Over the last 18 months or so, the capital markets have kicked into a new gear thanks in large part to the technology sector’s interest in artificial intelligence (AI).
Among AI’s hottest opportunities are the “Magnificent Seven” — a moniker used to collectively describe mega cap tech businesses Microsoft, Meta, Apple, Tesla, Amazon, Alphabet, and Nvidia (NASDAQ: NVDA).
At the moment, Nvidia is arguably playing the most important role in the AI revolution as the company’s graphics processing units (GPU) remain in high demand and are a key feature of countless generative AI applications.
But with shares of Nvidia soaring over 125% in just the last 12 months, it’s reasonable to wonder how much higher the stock can go.
Let’s explore the current state of Nvidia’s business to get an understanding of why the stock has moved up so sharply. Moreover, a thorough analysis of the competitive landscape in the chip and data center space will help shed light on where Nvidia shares could be headed.
Nvidia dominates the chip market, but…
Right now, Nvidia’s H100 GPUs are used by some of the world’s largest companies to help train sophisticated large language models (LLMs) and even help develop autonomous driving software. The company augments the H100 chip line with sibling GPUs known as the A100 and Blackwell series, and are currently developing successor chips known as Rubin.
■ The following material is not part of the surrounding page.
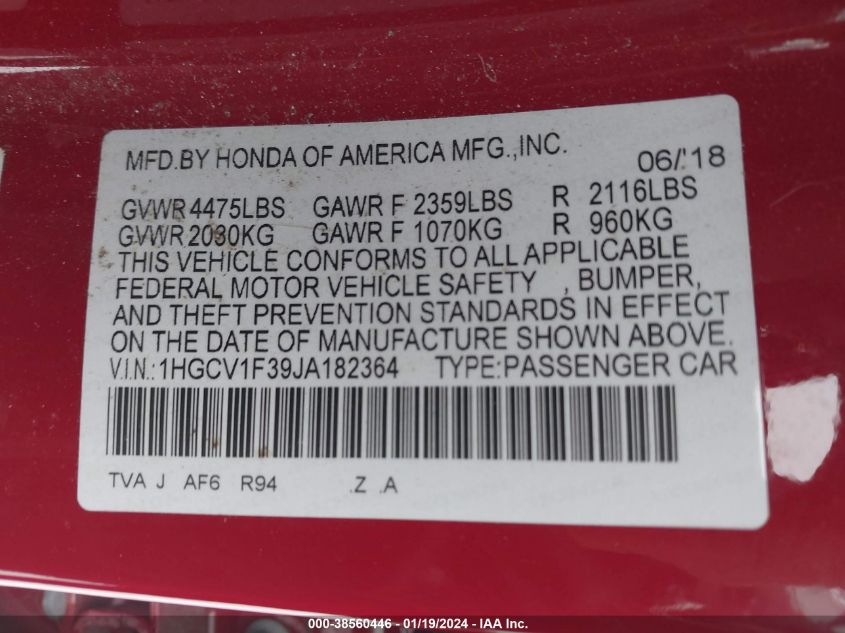 2018 HONDA ACCORD SPORT - 1HGCV1F39JA182364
Given this rapid pace of innovation, it’s not surprising to see Nvidia’s revenue soar to new heights.
What is a little bit unique, however, is that it’s not just sales that are soaring for Nvidia. The company’s impressive roster of chips and data center services has given it an edge over the competition. For this reason, Nvidia has attained strong pricing power, which is directly leading to meaningful margin expansion and accelerating profits.
How long can Nvidia keep the lead?
While the financial profile above looks great, smart investors understand the dynamics of supply and demand.
Considering Nvidia outsources heavily to Taiwan Semiconductor to actually manufacture its GPUs, there is some underlying execution risk. In other words, if Taiwan Semiconductor’s capabilities cannot keep pace with demand trends, Nvidia could face an unwanted backlog jam.
This dynamic creates an opportunity for competitors to emerge and offer alternative solutions to customers that were waiting in line for Nvidia products.
As far as direct competition is concerned, both Advanced Micro Devices and Intel are seen as emerging forces in the GPU realm. With that said, I think it will take some time for AMD’s MI300X chip and Intel’s Gaudi 3 GPU to gain significant traction in the market and start to eat away at Nvidia’s dominating performance.
My contrarian take on Nvidia’s future is that the company will face significant competition outside of traditional semiconductor businesses. Namely, over the last year Amazon has poured billions of dollars into its AI endeavors — many of which revolve around chip development.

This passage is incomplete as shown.